The Federation of Small Businesses said it would like to see more flexibility for its members in recognition of the fact that smaller operators would find it much harder to absorb the costs involved.
“Businesses will have to spend hundreds to work out a precise calorie count and when recipes change, which could well incur additional costs unless regulations are written with small business in mind,” said the organisation’s chairman Mike Cherry.
The Department of Health and Social Care is set to launch a consultation on the plans and has said exempting small restaurants will be considered as part of that.
A spokesman for the department said: “The government announced its intention to consult on mandatory calorie labelling on menus as part of the second chapter of the childhood obesity plan in July and we will set out our next steps in due course.”
Ms Truss has written to Cabinet Office Minister David Lidington, Theresa May’s de facto second-in-command, to express her concerns.

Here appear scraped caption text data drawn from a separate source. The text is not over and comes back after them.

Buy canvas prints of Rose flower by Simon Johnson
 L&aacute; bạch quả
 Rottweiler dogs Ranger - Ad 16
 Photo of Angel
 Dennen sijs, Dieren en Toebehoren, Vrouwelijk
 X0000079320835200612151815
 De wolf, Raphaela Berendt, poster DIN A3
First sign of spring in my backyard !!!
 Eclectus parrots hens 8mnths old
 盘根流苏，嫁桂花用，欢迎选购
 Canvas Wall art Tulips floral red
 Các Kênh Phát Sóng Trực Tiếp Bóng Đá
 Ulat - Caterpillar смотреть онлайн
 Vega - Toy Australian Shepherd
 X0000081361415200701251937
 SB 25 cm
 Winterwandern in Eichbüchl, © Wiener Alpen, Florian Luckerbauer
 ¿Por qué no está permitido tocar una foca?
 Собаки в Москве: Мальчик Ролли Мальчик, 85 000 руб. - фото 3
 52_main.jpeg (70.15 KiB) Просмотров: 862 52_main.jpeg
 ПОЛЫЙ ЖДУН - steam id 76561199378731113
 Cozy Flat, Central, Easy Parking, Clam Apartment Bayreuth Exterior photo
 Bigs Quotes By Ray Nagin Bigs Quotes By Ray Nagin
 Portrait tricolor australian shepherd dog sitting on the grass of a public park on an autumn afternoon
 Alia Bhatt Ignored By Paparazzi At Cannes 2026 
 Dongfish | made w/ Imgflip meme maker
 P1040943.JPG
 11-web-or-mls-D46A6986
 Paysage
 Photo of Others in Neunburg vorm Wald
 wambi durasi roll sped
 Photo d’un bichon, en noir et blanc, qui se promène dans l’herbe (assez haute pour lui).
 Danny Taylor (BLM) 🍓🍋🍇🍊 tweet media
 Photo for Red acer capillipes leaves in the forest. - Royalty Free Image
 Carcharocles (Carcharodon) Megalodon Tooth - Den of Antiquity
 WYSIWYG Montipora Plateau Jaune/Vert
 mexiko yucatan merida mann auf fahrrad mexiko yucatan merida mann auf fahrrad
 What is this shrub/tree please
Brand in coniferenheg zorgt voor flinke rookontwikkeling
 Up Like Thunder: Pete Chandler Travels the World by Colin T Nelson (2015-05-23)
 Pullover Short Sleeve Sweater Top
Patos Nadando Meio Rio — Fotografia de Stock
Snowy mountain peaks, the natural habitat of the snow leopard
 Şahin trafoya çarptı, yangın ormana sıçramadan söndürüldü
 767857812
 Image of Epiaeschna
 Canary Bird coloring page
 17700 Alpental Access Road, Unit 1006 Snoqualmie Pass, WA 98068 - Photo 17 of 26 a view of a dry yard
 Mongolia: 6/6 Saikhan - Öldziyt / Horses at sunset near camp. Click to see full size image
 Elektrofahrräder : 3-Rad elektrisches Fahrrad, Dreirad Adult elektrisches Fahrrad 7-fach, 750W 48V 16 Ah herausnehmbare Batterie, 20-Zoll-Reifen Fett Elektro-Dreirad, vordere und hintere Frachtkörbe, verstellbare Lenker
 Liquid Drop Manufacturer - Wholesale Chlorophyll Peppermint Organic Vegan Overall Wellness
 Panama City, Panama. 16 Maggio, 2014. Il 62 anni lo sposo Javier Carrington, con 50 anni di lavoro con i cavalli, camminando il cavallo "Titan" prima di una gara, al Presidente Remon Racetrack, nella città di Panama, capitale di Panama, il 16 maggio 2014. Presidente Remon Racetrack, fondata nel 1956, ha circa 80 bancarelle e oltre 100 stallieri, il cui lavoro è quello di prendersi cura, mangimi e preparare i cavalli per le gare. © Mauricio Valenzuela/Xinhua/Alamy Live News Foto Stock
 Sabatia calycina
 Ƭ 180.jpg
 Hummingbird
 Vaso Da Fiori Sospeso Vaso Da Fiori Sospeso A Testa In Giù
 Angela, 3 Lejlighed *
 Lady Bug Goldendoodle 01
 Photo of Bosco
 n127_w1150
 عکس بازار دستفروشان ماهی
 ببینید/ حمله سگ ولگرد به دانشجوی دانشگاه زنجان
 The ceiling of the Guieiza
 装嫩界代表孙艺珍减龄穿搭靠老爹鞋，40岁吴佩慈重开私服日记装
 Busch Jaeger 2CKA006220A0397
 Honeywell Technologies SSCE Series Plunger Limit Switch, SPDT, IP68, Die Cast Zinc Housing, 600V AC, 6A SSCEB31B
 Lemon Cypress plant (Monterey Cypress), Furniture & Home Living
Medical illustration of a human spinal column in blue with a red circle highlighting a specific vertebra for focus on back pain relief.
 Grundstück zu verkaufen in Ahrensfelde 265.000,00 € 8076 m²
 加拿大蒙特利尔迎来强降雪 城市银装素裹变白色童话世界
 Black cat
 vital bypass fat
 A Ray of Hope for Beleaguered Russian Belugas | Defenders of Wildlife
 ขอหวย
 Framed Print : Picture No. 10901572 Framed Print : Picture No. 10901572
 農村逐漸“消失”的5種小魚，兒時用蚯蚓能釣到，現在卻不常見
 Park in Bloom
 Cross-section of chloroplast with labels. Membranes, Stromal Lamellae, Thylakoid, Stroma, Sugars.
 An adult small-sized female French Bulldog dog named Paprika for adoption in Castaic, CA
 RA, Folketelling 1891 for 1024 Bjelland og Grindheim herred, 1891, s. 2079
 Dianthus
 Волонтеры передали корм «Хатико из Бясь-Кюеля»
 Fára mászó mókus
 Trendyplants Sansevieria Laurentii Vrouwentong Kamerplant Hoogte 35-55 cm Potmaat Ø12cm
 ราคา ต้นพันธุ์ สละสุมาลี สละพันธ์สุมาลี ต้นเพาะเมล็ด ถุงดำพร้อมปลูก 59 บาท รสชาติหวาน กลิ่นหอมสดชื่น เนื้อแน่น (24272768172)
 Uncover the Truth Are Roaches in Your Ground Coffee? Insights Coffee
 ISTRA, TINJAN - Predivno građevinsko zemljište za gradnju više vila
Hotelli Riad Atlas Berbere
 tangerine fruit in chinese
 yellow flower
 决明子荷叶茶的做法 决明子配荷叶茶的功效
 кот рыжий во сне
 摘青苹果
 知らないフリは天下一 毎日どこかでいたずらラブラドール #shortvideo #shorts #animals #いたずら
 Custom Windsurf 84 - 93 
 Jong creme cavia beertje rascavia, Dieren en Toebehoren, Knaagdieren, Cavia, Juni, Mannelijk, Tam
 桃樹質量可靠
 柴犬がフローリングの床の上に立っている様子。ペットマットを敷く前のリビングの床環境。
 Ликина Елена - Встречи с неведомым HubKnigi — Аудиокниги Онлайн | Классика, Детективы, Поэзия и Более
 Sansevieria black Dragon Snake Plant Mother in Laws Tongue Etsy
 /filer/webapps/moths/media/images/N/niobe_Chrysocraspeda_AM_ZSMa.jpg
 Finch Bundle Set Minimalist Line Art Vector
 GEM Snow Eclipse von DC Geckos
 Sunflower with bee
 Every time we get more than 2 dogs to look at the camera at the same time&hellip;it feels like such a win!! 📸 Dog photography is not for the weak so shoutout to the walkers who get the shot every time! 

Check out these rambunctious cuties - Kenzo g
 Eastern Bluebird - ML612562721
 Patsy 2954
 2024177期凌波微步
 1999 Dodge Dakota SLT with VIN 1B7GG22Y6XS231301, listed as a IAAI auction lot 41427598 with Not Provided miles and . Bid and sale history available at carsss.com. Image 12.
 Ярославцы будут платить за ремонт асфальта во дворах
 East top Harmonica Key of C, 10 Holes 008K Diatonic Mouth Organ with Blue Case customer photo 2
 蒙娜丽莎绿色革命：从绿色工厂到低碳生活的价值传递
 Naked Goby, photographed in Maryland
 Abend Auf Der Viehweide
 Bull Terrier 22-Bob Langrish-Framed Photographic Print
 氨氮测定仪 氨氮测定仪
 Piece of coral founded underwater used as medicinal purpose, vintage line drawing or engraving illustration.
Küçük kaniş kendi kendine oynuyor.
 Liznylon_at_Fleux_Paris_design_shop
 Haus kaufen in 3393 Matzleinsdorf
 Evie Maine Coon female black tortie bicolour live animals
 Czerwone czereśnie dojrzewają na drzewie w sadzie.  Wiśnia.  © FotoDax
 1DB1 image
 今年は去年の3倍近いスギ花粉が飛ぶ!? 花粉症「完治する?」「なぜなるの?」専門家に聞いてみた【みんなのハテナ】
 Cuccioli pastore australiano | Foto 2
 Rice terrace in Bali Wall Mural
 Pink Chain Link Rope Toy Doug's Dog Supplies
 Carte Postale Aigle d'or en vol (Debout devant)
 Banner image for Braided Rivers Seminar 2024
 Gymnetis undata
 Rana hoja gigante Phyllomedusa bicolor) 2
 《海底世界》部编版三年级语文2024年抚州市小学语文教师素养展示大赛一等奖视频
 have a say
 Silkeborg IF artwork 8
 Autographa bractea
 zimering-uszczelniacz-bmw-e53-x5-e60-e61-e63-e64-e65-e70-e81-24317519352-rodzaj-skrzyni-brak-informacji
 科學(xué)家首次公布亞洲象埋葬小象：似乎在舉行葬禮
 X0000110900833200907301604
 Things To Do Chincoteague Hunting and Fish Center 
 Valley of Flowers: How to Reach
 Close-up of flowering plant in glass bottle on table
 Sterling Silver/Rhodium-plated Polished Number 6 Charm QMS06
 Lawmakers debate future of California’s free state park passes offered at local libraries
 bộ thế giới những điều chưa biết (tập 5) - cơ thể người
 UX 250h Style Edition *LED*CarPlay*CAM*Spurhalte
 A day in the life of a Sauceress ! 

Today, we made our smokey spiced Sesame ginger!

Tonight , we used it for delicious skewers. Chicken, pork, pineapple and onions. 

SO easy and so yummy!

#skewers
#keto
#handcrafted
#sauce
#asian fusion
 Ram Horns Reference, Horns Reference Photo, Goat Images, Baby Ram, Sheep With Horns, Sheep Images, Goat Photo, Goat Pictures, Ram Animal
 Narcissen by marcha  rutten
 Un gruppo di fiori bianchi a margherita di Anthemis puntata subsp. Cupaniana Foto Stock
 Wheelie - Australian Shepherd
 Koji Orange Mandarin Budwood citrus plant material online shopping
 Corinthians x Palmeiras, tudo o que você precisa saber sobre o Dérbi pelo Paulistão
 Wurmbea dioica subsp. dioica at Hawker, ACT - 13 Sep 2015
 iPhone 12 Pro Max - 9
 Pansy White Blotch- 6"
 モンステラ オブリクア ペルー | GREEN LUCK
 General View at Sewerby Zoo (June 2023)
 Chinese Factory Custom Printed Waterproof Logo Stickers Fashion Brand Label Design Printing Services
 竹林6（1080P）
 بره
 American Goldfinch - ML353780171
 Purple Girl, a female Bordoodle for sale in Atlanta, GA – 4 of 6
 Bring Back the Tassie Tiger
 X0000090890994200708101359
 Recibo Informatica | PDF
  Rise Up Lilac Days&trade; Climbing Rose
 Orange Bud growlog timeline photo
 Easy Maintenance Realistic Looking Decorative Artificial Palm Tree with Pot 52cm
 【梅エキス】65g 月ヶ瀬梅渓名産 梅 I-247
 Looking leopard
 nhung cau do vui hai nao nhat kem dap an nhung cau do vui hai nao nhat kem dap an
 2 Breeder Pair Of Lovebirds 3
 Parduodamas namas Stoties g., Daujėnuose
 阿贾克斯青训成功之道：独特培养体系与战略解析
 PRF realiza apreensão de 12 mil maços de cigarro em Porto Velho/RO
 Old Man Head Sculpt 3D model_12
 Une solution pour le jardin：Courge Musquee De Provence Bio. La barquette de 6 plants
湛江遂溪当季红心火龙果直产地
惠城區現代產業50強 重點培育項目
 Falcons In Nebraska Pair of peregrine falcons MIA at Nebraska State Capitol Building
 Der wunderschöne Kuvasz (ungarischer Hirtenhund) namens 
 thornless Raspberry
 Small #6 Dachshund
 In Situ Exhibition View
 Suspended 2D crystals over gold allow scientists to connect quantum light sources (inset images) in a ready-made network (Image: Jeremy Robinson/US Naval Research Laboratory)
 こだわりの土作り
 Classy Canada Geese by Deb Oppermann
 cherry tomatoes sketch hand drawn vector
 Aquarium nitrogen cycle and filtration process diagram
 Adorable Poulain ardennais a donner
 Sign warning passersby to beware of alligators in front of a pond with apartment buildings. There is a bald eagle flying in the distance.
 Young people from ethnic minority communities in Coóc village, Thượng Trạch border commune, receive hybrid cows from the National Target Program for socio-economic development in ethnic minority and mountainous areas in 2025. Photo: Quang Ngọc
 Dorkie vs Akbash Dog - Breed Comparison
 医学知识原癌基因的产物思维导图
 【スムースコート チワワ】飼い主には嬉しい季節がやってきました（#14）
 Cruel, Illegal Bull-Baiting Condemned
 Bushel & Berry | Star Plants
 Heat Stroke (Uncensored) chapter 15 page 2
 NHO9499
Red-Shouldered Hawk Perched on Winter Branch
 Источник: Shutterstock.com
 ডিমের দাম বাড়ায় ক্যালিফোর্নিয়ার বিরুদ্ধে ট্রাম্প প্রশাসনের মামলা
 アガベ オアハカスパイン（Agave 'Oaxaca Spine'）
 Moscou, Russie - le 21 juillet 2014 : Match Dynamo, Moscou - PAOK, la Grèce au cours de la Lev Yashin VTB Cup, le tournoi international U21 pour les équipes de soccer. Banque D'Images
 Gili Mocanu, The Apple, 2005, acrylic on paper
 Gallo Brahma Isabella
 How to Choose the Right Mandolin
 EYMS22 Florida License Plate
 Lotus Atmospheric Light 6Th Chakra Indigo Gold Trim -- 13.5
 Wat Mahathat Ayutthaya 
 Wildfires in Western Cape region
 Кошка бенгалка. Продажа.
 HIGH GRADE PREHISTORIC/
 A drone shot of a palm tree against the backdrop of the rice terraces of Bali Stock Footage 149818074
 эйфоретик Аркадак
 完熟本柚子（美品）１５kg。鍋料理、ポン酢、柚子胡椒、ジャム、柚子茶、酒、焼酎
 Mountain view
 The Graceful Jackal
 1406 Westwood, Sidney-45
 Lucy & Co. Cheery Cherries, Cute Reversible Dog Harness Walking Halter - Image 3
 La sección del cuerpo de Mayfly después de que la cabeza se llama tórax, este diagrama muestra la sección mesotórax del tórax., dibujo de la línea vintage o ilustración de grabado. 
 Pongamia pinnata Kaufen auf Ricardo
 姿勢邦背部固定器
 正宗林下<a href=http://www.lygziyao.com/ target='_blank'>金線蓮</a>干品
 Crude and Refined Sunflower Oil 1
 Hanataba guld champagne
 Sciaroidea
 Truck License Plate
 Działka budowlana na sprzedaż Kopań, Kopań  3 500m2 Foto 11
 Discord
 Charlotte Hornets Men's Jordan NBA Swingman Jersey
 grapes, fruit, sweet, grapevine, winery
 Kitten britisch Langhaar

In the letter, leaked to The Daily Telegraph, she says: “At this stage I am not agreeing to any preferred or final policy change for small or micro businesses.
“We should take a final decision following this consultation and informed by the evidence submitted to it.
“HM Treasury clearance is required for government’s response to this consultation.”
Ministers have also been warned that requiring restaurants to include calorie counts on menus could cause added distress to people with eating disorders.
Beat, a charity that supports people with eating disorders, said research indicated the number of calories someone consumed was not a reliable indicator of their health.
“Evidence shows that calorie labelling exacerbates eating disorders of all kinds,” said the organisation’s chief executive, Andrew Radford.
“Public health campaigns need to consider people’s mental health as well as their physical health.
“They must move away from obesity shaming to emphasising healthy behavioural changes and instilling confidence into people.”